I successfully managed to implement a full working example.
Code is based on Anna1994's code: Matlab image rotation
Biqubic code is also based on Java (and C++) implementation posted here: http://www.paulinternet.nl/?page=bicubic
The following code applies image rotation example using biqubic interpolation:
function BicubicInterpolationTest()
close all;
% clear all;
img = 'cameraman.tif';
input_image =double(imread(img))./255;
H=size(input_image,1); % height
W=size(input_image,2); % width
th=120*pi/180; %Rotate 120 degrees
s0 = 2;
s1 = 2;
x0 = -W/2;
x1 = -H/2;
T=[1 0 x0 ; ...
0 1 x1 ; ...
0 0 1];
RST = [ (s0*cos(th)) (-s1*sin(th)) ((s0*x0*cos(th))-(s1*x1*sin(th))); ...
(s0*sin(th)) (s1*cos(th)) ((s0*x0*sin(th))+(s1*x1*cos(th))); ...
0 0 1];
M=inv(T)*RST;
N = inv(M);
output_image=zeros(H,W,size(input_image,3));
for i=1:W
for j=1:H
x = [i ; j ; 1];
y = N * x;
a = y(1)/y(3);
b = y(2)/y(3);
%Nearest neighbor
% a = round(a);
% b = round(b);
%Bilinear interpolation (applies RGB image):
% x1 = floor(a);
% y1 = floor(b);
% x2 = x1 + 1;
% y2 = y1 + 1;
% if ((x1 >= 1) && (y1 >= 1) && (x2 <= W) && (y2 <= H))
% %Load 2x2 pixels
% i11 = input_image(y1, x1, :); %Top left pixel
% i21 = input_image(y2, x1, :); %Bottom left pixel
% i12 = input_image(y1, x2, :); %Top right pixel
% i22 = input_image(y2, x2, :); %Bottom right pixel
%
% %Interpolation wieghts
% dx = x2 - a;
% dy = y2 - b;
%
% %Bi-lienar interpolation
% output_image(j, i, :) = i11*dx*dy + i21*dx*(1-dy) + i12*(1-dx)*dy + i22*(1-dx)*(1-dy);
% end
x1 = floor(a);
y1 = floor(b);
%Bicubic interpolation (applies grayscale image)

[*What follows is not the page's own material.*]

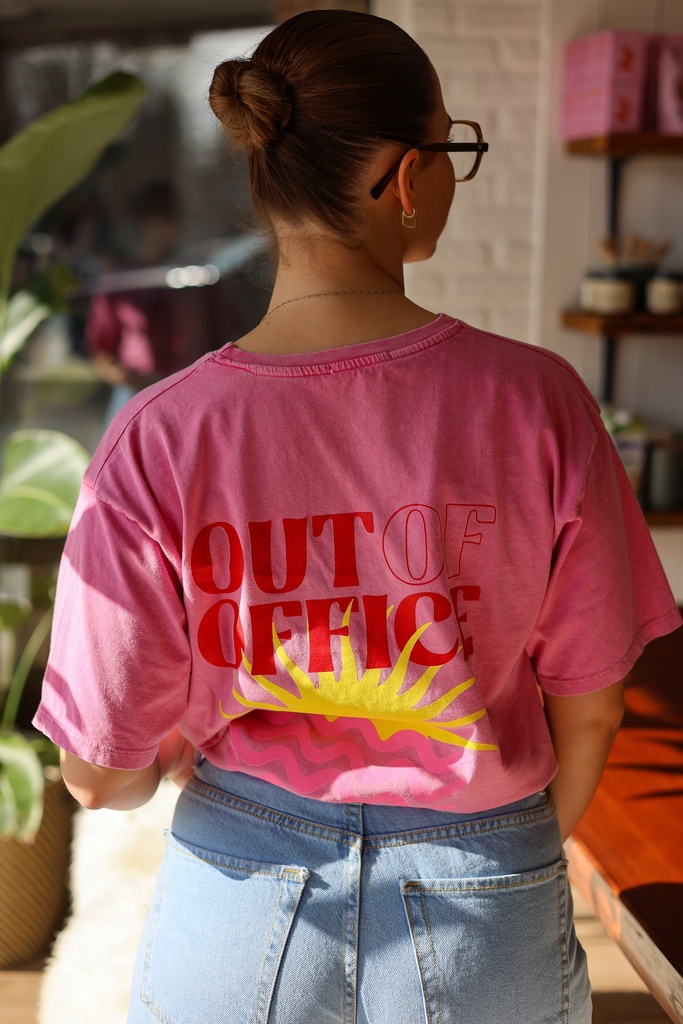 T-shirt Out Of Office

if ((x1 >= 2) && (y1 >= 2) && (x1 <= W-2) && (y1 <= H-2))
%Load 4x4 pixels
P = input_image(y1-1:y1+2, x1-1:x1+2);
%Interpolation wieghts
dx = a - x1;
dy = b - y1;
%Bi-bicubic interpolation
output_image(j, i) = bicubicInterpolate(P, dx, dy);
end
end
end
imshow(output_image);
%%%%%%%%%%%%%%%%%%%%%%%%%%%%%%%%%%%%%%%%%%%%%%%%%%%%%%%%%%%%%%%%%%%%%%%%%%%
%Verify implementation by comparing with Matalb build in function imwarp:
tform = affine2d(M');
ref_image = imwarp(input_image, tform, 'OutputView', imref2d(size(input_image)), 'Interp', 'cubic');
figure;imshow(ref_image)
figure;imshow(output_image - ref_image)
max_diff = max(abs(output_image(:) - ref_image(:)));
disp(['Maximum difference from imwarp = ', num2str(max_diff)]);
%%%%%%%%%%%%%%%%%%%%%%%%%%%%%%%%%%%%%%%%%%%%%%%%%%%%%%%%%%%%%%%%%%%%%%%%%%%
%http://www.paulinternet.nl/?page=bicubic
%double cubicInterpolate (double p[4], double x) {
% return p[1] + 0.5 * x*(p[2] - p[0] + x*(2.0*p[0] - 5.0*p[1] + 4.0*p[2] - p[3] + x*(3.0*(p[1] - p[2]) + p[3] - p[0])));
%}
function q = cubicInterpolate(p, x)
q = p(2) + 0.5 * x*(p(3) - p(1) + x*(2.0*p(1) - 5.0*p(2) + 4.0*p(3) - p(4) + x*(3.0*(p(2) - p(3)) + p(4) - p(1))));
%http://www.paulinternet.nl/?page=bicubic
% double bicubicInterpolate (double p[4][4], double x, double y) {
% double arr[4];
% arr[0] = cubicInterpolate(p[0], y);
% arr[1] = cubicInterpolate(p[1], y);
% arr[2] = cubicInterpolate(p[2], y);
% arr[3] = cubicInterpolate(p[3], y);
% return cubicInterpolate(arr, x);
% }
function q = bicubicInterpolate(p, x, y)
q1 = cubicInterpolate(p(1,:), x);
q2 = cubicInterpolate(p(2,:), x);
q3 = cubicInterpolate(p(3,:), x);
q4 = cubicInterpolate(p(4,:), x);
q = cubicInterpolate([q1, q2, q3, q4], y);
I verified implementation by comparing to Matalb build in function imwarp
Result:
The following example uses the "CachedBicubicInterpolator" code version, and also supports RGB image:
function BicubicInterpolationTest2()
close all;
% clear all;
img = 'peppers.png';
input_image = double(imread(img))./255;
H=size(input_image,1); % height
W=size(input_image,2); % width
th=120*pi/180; %Rotate 120 degrees
s0 = 0.8;
s1 = 0.8;
x0 = -W/2;
x1 = -H/2;
T=[1 0 x0 ; ...
0 1 x1 ; ...
0 0 1];
RST = [ (s0*cos(th)) (-s1*sin(th)) ((s0*x0*cos(th))-(s1*x1*sin(th))); ...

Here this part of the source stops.